I shaved it off right before going to a lengthy writers' conference in Hawaii, reasoning that if I hated how I looked there'd be plenty of time to regrow the beard before anybody in my office saw me. I also figured if I got a tan in Hawaii, I didn't want my chin to miss out.

It was a little over a year later that we picked up stakes for New Mexico. I arrived here clean-shaven and have remained so ever since. I even traded my Braun electric shaver (an upgrade from Santa's Norelco) for the latest in high-tech, multiple-blade safety razors — a Power Fusion blade that actually vibrates as you shave, thanks to a little battery in the handle. Paired with Trader Joe's Mango Shave Cream (not tested on animals!), it gave me a smooth-enough face. And my five o'clock shadow hardly showed any more, lacking its former Nixonian hue.

But now that my hair has thoroughly caught up with my graying beard, I got tired of the hassle and the gory nicks in the morning. I got curious, too: What would my beard look like after all these years?

I know it seems odd to grow facial hair just as we're headed into summer in the Southwest. Isn't a beard a winter thing? Isn't it hot? Some experts maintain that by shading the face, a beard actually helps keep you cooler. Think of all those furry desert critters — you don't see coyotes shaving every summer, do you? Besides, I sort of employed my pre-Hawaii reasoning in reverse: If I was going to hide part of my face at some point, why wait and expose it to another sunny Southwest summer?
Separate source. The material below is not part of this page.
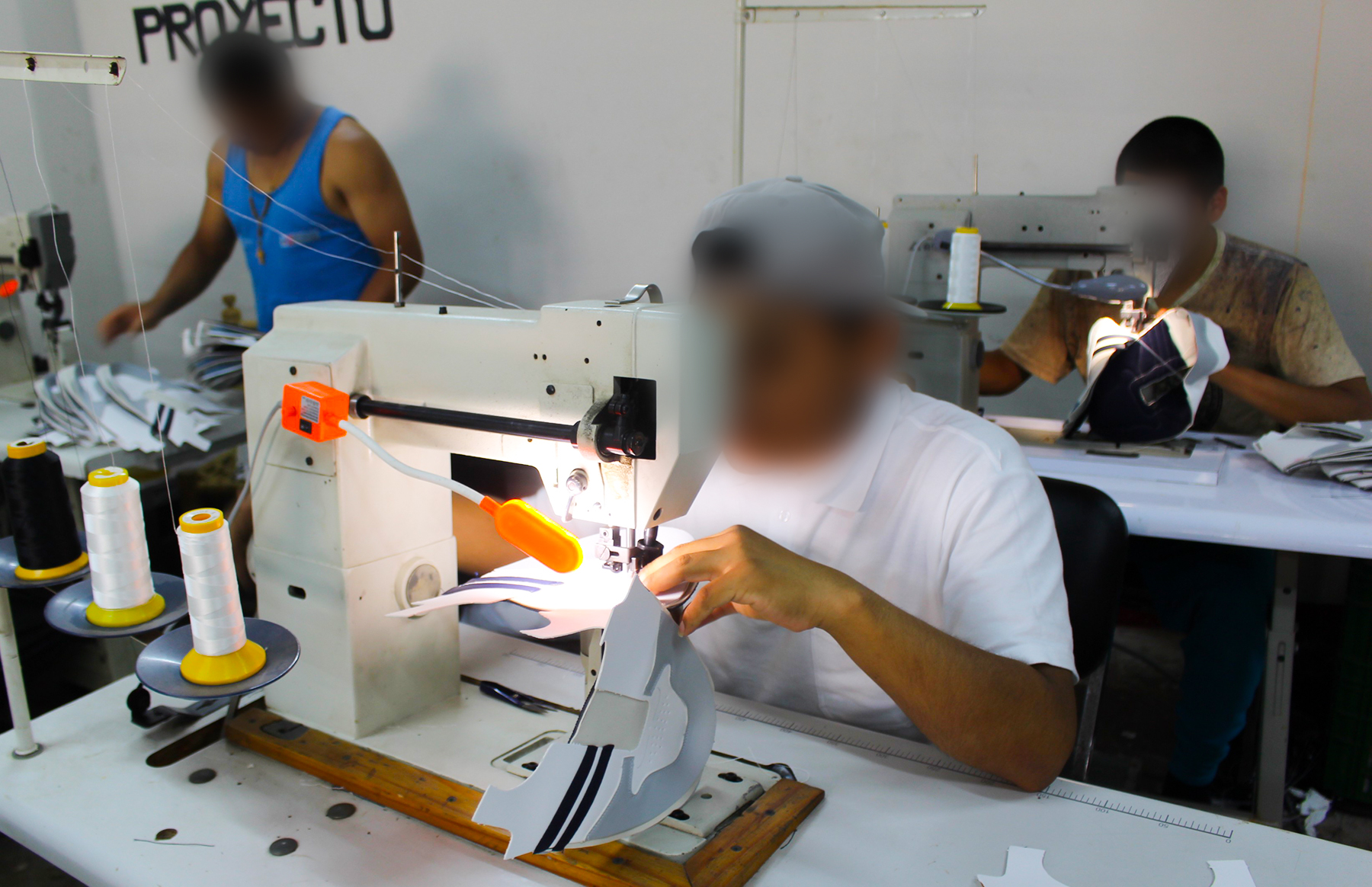 Imagen 01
So here I am, bearded again — no, that's not a 1990s photo of Sean Connery. Will I keep it? I don't know, though no, there will not be a poll on our Facebook page.

I guess first I'll have to see how it looks one-inch high. Devilishly handsome enough? Maybe next month. Or maybe I'll have shaved it off already by then. You know how I love surprises.

 

 

Desert Exposure editor David A. Fryxell is socking those savings from pricey
razor blades and shaving cream right into his 401(k).